Die Spannungen haben sich in den letzten Tagen weiter verschärft, als Tsvangirai warnte, er werde der Gewalt der ZANU-PF, die zum Tod von mindestens fünf MDC-Mitgliedern geführt hat, nicht länger die andere Wange hinhalten. "Alle, die sich an der Gewalt beteiligt haben, der Vizepräsident, Kabinettsminister, Abgeordnete, wir kennen sie alle", warnte er.

Die Landfrage

Weder Mugabe noch der MDC können den Armen auf dem Land oder den Arbeitern und Arbeitslosen in den Städten eine wirkliche Lösung ihrer sozialen und wirtschaftlichen Probleme aufzeigen. Es ist sehr gut möglich, dass Mugabe noch ein Abkommen mit England unterzeichnet, doch selbst wenn er einige der großen Farmen aufteilt, wäre damit noch keine Grundlage gegeben, um die gewaltigen Probleme von Armut, Rückständigkeit und Unterentwicklung zu lösen.
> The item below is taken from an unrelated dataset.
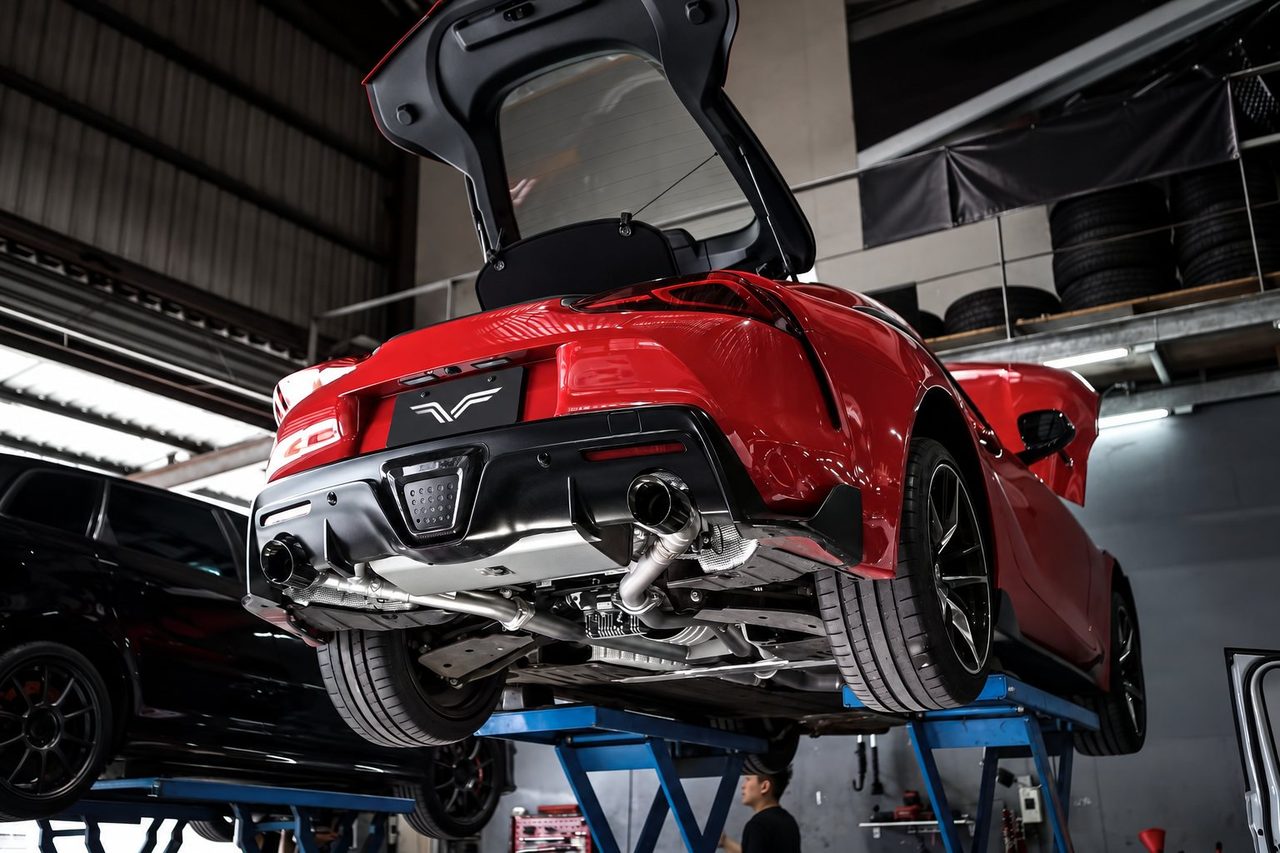 Toyota Supra 3.0T Abgasanlage aus Edelstahl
Die Politik sowohl Mugabes als auch des MDC zielt darauf ab, eine konservative soziale Schicht kleiner Landwirte zu schaffen. Diese Art der "Landreform" wird seit langem von der Weltbank und politischen Denkfabriken im Westen favorisiert. Die Schaffung tausender kleiner landwirtschaftlicher Betriebe, ob durch Gewaltanwendung oder durch Entschädigungszahlungen an abwanderungswillige weiße Eigentümer, ist in wirtschaftlicher und sozialer Hinsicht eine rückwärts gewandte Politik. Solche Kleinbetriebe sind ökonomisch nicht lebensfähig. Aus diesem Grund sind auch viele der 65.000 landwirtschaftlichen Betriebe, die von der Mugabe-Regierung zwischen 1980 und 1990 eingerichtet wurden, seither wieder zusammengebrochen.
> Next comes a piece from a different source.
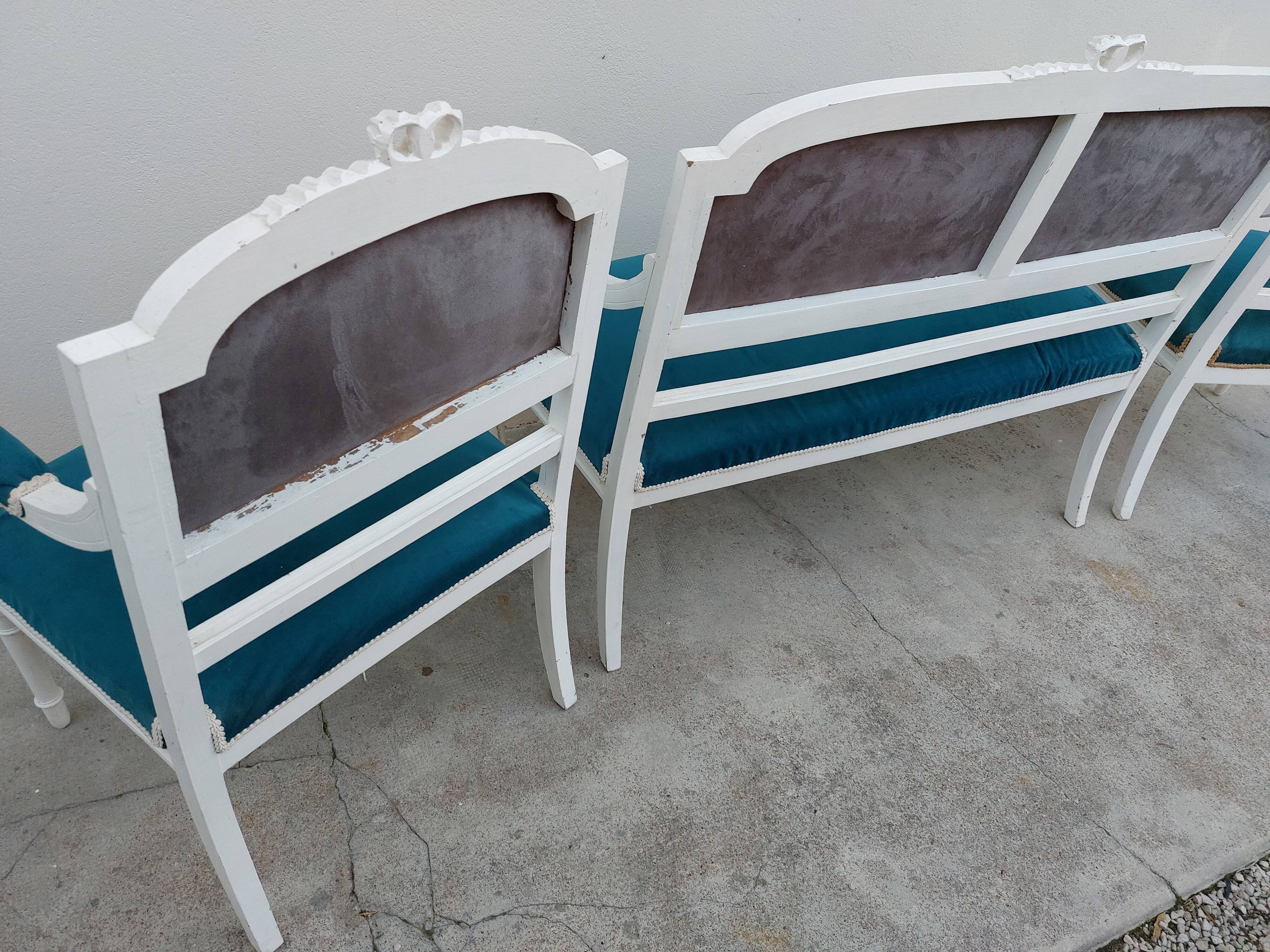 Louis XVI style living room set with bench and 2 armchairs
Die Probleme von Armut und Arbeitslosigkeit können nur gelöst werden, wenn sie durch die Entwicklung einer sozialistischen Bewegung in Angriff genommen werden, die sich auf die Arbeiterklasse und die armen Massen im gesamten südlichen Afrika stützt. Etwa sieben der zwölf Millionen Einwohner Zimbabwes leben auf dem Land, doch mehr und mehr Menschen wandern in die Städte ab. Der Anteil der Städter an der Gesamtbevölkerung ist heute doppelt so hoch wie 1960. Die 35.0000 Landbewohner, die als Lohnarbeiter auf den weißen Farmen beschäftigt sind, machen gut über eine Million aus, wenn man ihre Familien hinzurechnet. Viele der etwa eine Million Farmen mit schwarzen Eigentümern befinden sich überdies auf dem am wenigsten fruchtbaren Land und sind von Familienmitgliedern abhängig, die in den Städten oder auf den Gütern der Weißen arbeiten.
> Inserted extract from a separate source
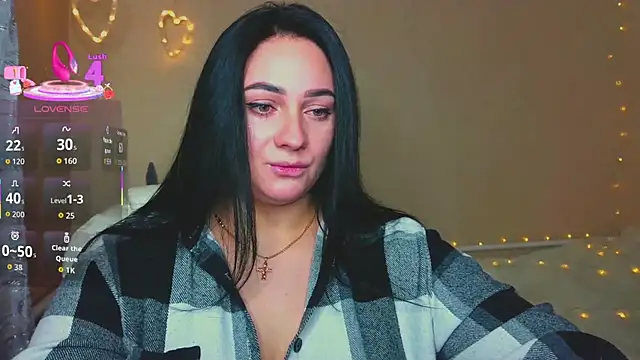 Snapshot of Emelyblum chatting on November 13, 2025, 10:35 pm Emelyblum online show from November 13, 2025, 10:35 pm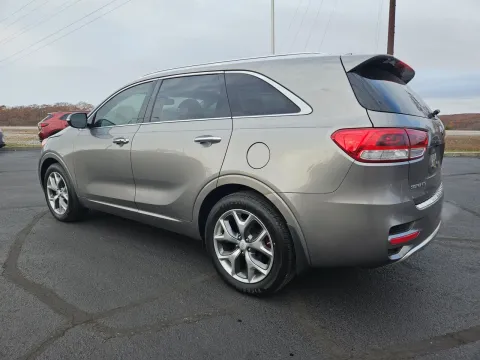 Photos of 2018 Kia Sorento SX for sale in Branson West, MO at Oakley Auto World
Keines der Probleme der arbeitenden Bevölkerung und der armen Massen in Südafrika kann gelöst werden, wenn man das System des kapitalistischen Privateigentums intakt lässt. Mugabes gegenwärtige Differenzen mit England ändern nichts am bürgerlichen Charakter seiner Regierung, die über die letzten beiden Jahrzehnte hinweg gezeigt hat, dass sie sich dem westlichen Kapital unterordnet.

Mugabes Perspektive, im Rahmen der Diktate der großen imperialistischen Mächte zu arbeiten und dabei vor allem auf dem Bildungssektor begrenzte soziale Reformen durchzuführen, ist gescheitert. England versucht nun, das durch das Lancaster-House-Abkommen eingesetzte Regime mittels des MDC durch ein willfährigeres zu ersetzen. Die wichtigste Frage für arbeitende Menschen in Zimbabwe und Südafrika ist der Aufbau einer unabhängigen sozialistischen Bewegung gegen den Imperialismus wie auch gegen seine Vertreter vor Ort.